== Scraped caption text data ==
· · · · · · ·
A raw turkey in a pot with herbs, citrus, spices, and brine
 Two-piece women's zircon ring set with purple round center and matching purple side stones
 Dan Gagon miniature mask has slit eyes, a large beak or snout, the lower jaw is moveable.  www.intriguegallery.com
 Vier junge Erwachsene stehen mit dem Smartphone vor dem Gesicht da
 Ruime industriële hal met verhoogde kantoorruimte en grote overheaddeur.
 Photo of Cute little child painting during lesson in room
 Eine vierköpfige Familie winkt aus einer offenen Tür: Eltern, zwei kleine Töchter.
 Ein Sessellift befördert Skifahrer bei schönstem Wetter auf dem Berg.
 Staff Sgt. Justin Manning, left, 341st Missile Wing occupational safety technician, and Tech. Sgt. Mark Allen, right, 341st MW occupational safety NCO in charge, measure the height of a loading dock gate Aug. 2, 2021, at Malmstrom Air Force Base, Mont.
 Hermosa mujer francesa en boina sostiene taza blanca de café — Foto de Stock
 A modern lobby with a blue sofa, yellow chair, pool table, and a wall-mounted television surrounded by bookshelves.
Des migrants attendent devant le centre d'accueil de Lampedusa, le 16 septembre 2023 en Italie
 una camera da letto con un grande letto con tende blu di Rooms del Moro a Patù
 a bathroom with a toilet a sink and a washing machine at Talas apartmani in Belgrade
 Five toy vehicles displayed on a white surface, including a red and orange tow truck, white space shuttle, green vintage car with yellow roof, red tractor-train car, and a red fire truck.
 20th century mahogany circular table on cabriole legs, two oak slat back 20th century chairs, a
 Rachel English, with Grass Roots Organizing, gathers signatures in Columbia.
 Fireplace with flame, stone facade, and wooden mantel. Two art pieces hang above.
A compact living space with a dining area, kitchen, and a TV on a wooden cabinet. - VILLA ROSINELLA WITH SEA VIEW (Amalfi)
· · · · · · ·
== WHAT YOU ARE ASKED TO DO ==
Would you please copy the lines above, from the one holding "Fireplace with flame, stone" through the last, and nothing else?

== ANSWER FOR THE TASK ==
 Fireplace with flame, stone facade, and wooden mantel. Two art pieces hang above.
A compact living space with a dining area, kitchen, and a TV on a wooden cabinet. - VILLA ROSINELLA WITH SEA VIEW (Amalfi)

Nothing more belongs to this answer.